Perhaps it feels like you've gone through the looking glass. A cable company is fighting on your behalf to shrink its channel offerings? But it's not confusing at all. In fact, it's a crystal-clear lesson in who really wears the pants in the TV business.

When you get mad at cable companies, you are, somewhat literally, blaming the messenger. Cable companies are messengers. They build the infrastructure that transports channels to your television. They make deals with media companies, like Time Warner and CBS, who own all the channels you want (and all the channels you don't want). Viacom, for example, owns some channels I love (like Comedy Central) and some channels I've never seen (like Palladia, MTV Hits, and VH1 Classic ). Cablevision has to carry all of them.

Cable companies can't shop the Viacom store like it's a Best Buy and pick whatever they want. The media companies tell the cable providers to buy and carry all of their channels or none of them. Is that fair, or unfair? I don't know. I just know that your cable menu is a thousand channels long, not because your cable company hates you, but because the companies who own the channels have incredible market power to force cable providers to buy everything they're selling.

Cablevision is claiming that Viacom "abused its market power" by forcing the cable company to buy and carry all of the channels, according to The Verge. Indeed, more than 90 percent of the shows Americans watch are owned by just seven media companies, like Time Warner, Disney, and Viacom. That sounds oligopolistic, but it will be up to a judge to determine whether it's really illegal.
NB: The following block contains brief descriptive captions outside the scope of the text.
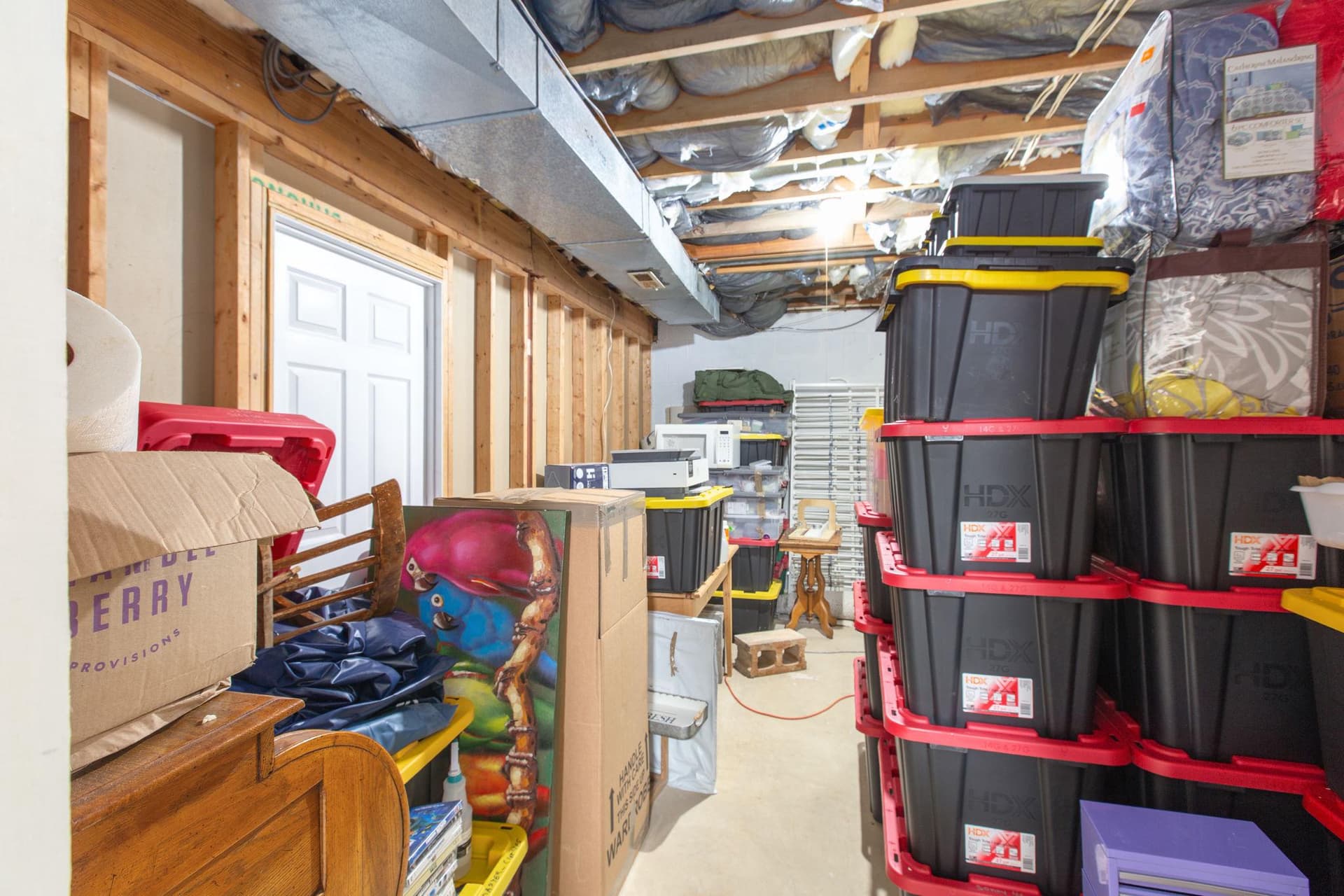 10910 Kirtley Lane photo 28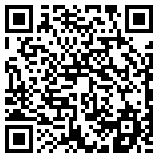 QR Code for Animal Boundary Control in Mattituck, NY 11952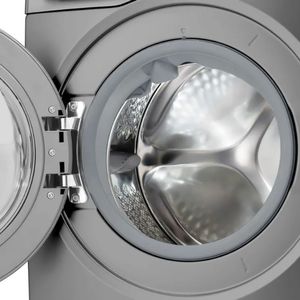 LAVASECA ELECTROLUX 11KG/7KG - EWDX11E2G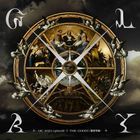 HC 2023 episode 1 - THE GHOST / 限界突破- (SINGLE+DVD) (日本版)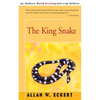 The King Snake - Paperback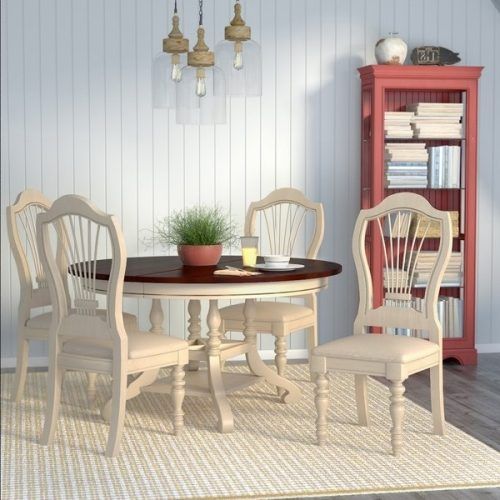 Cora 7 Piece Dining Sets (Photo 12 of 20)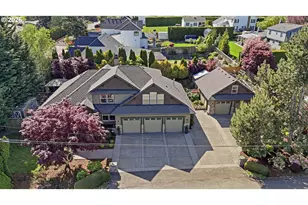 4090 Ireland Ln, West Linn, OR 97068 - Photo 1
Media companies like Viacom and Disney and Time Warner and CBS have pulled off an incredible trick. They've used their market power to force cable companies to carry all of their channels and avoided public criticism of bloated cable menus. Imagine if Coca Cola forced New York City bodegas to force every Diet Coke shopper to also buy a Vitamin Water, a Sprite, and a Fanta ... and New Yorkers responded by burning down the cities bodegas. That's what I mean by blaming the messenger.